In 1903, David Chesnut Jr. was several years into his position at the Eustis Estate in Milton, working as a coachman alongside his brother Samuel, a groom. Their parents David Sr. and Elizabeth had come north from enslavement in the Carolinas and settled in Massachusetts. The young couple soon made their home in Milton where David Sr found employment as a “hostler,” or horse handler at the Eustis Estate. When the elder David passed away suddenly in 1898, his sons continued working for the Eustis family and the younger David oversaw their transition from carriages to automobiles, becoming the family’s first chauffeur.

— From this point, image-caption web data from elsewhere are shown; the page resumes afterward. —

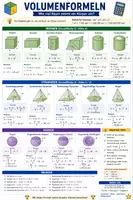 Vorschau - Merkblätter - Volumenformeln - Spickzettel & Übersicht Mathe - Deckblatt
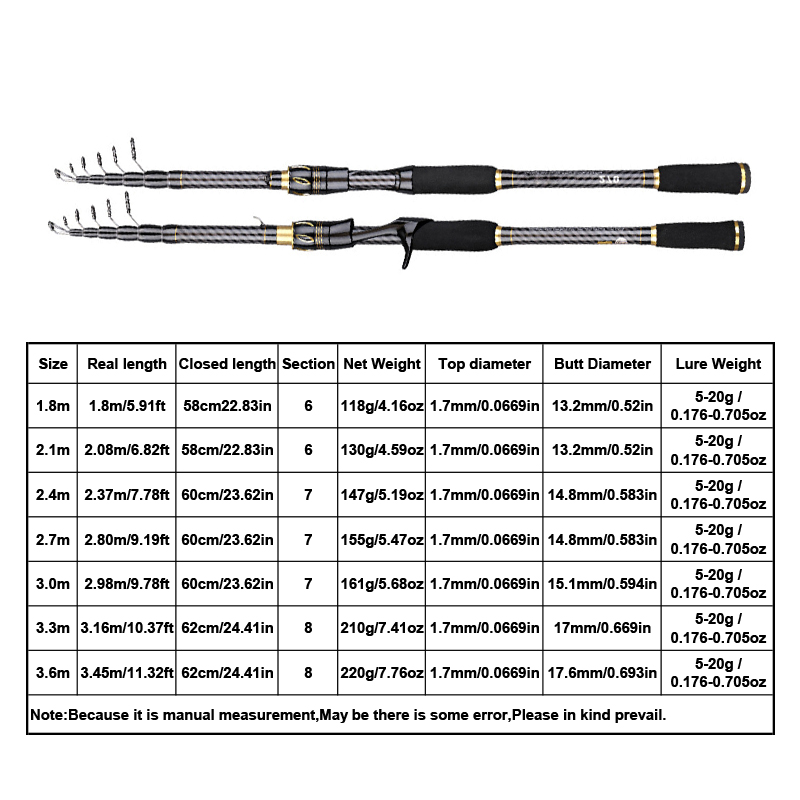 MBLN Carbon Fiber Fishing Rod  - Fishing Rod Surf review and price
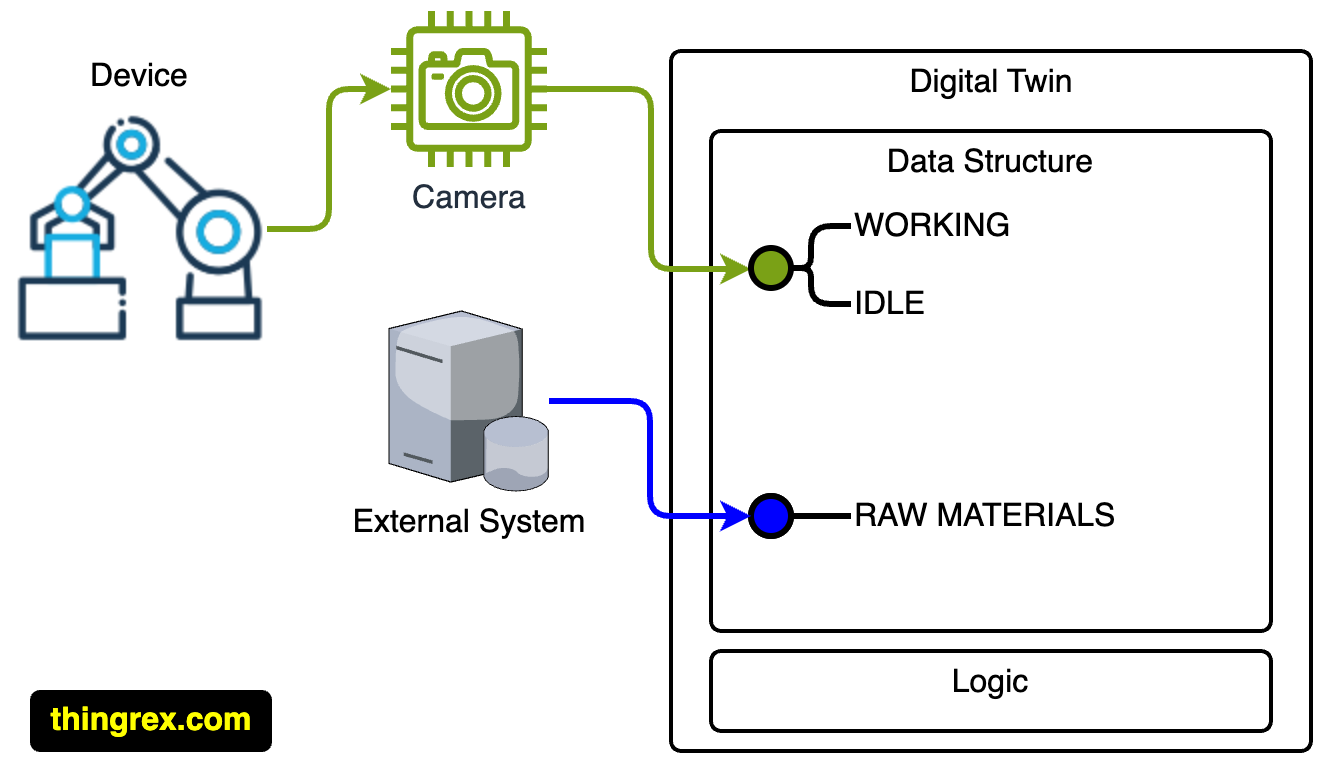 /posts/digital_twin_data_structure/dt_003.png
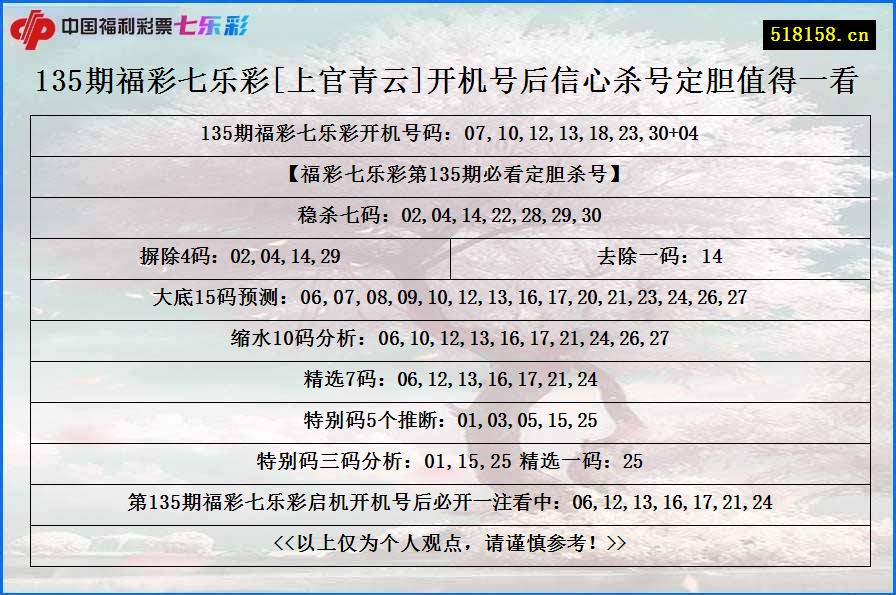 135期福彩七乐彩[上官青云]开机号后信心杀号定胆值得一看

At home, David Jr took on the role of principal provider for his remaining family. He would eventually move to Dedham and spend the remainder of his career as a chauffeur for the Endicott family at their large estate there. He was able to purchase land nearby on which he built and purchased several properties, investing in the local Black community not only as a landlord but as a community leader, veteran, air raid warden, lamplighter, military band director and patriarch of the Chesnut family. An accomplished trumpeter, his lifelong passion for music blossomed in successive generations as he raised musical sons who become performers deeply engaged in Boston’s “golden” jazz era, performing and teaching alongside legendary musicians such as Duke Ellington and Quincy Jones.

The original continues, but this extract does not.